[Start of section]

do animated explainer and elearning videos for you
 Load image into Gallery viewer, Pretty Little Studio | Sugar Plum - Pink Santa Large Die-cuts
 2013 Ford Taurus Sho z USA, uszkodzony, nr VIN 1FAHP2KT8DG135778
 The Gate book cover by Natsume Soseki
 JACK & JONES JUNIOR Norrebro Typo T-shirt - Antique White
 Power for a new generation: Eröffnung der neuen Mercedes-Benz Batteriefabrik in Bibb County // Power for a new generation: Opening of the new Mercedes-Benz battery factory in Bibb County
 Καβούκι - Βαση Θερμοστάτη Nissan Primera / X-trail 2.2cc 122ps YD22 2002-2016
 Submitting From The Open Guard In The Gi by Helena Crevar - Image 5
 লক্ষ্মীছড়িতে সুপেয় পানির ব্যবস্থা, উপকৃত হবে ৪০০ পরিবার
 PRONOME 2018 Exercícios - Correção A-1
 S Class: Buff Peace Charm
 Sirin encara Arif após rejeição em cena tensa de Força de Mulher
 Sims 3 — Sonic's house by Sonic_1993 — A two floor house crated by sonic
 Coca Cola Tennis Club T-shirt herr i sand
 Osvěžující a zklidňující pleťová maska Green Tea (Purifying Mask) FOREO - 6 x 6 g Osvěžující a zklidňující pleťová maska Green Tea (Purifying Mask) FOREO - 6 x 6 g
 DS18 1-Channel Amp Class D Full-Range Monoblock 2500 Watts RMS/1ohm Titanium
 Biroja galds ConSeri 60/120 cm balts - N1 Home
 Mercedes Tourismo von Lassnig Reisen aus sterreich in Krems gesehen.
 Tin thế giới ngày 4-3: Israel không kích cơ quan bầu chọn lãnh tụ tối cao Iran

[End of section]

Activity:
The data above should be returned exactly as written.

Response:
do animated explainer and elearning videos for you
 Load image into Gallery viewer, Pretty Little Studio | Sugar Plum - Pink Santa Large Die-cuts
 2013 Ford Taurus Sho z USA, uszkodzony, nr VIN 1FAHP2KT8DG135778
 The Gate book cover by Natsume Soseki
 JACK & JONES JUNIOR Norrebro Typo T-shirt - Antique White
 Power for a new generation: Eröffnung der neuen Mercedes-Benz Batteriefabrik in Bibb County // Power for a new generation: Opening of the new Mercedes-Benz battery factory in Bibb County
 Καβούκι - Βαση Θερμοστάτη Nissan Primera / X-trail 2.2cc 122ps YD22 2002-2016
 Submitting From The Open Guard In The Gi by Helena Crevar - Image 5
 লক্ষ্মীছড়িতে সুপেয় পানির ব্যবস্থা, উপকৃত হবে ৪০০ পরিবার
 PRONOME 2018 Exercícios - Correção A-1
 S Class: Buff Peace Charm
 Sirin encara Arif após rejeição em cena tensa de Força de Mulher
 Sims 3 — Sonic's house by Sonic_1993 — A two floor house crated by sonic
 Coca Cola Tennis Club T-shirt herr i sand
 Osvěžující a zklidňující pleťová maska Green Tea (Purifying Mask) FOREO - 6 x 6 g Osvěžující a zklidňující pleťová maska Green Tea (Purifying Mask) FOREO - 6 x 6 g
 DS18 1-Channel Amp Class D Full-Range Monoblock 2500 Watts RMS/1ohm Titanium
 Biroja galds ConSeri 60/120 cm balts - N1 Home
 Mercedes Tourismo von Lassnig Reisen aus sterreich in Krems gesehen.
 Tin thế giới ngày 4-3: Israel không kích cơ quan bầu chọn lãnh tụ tối cao Iran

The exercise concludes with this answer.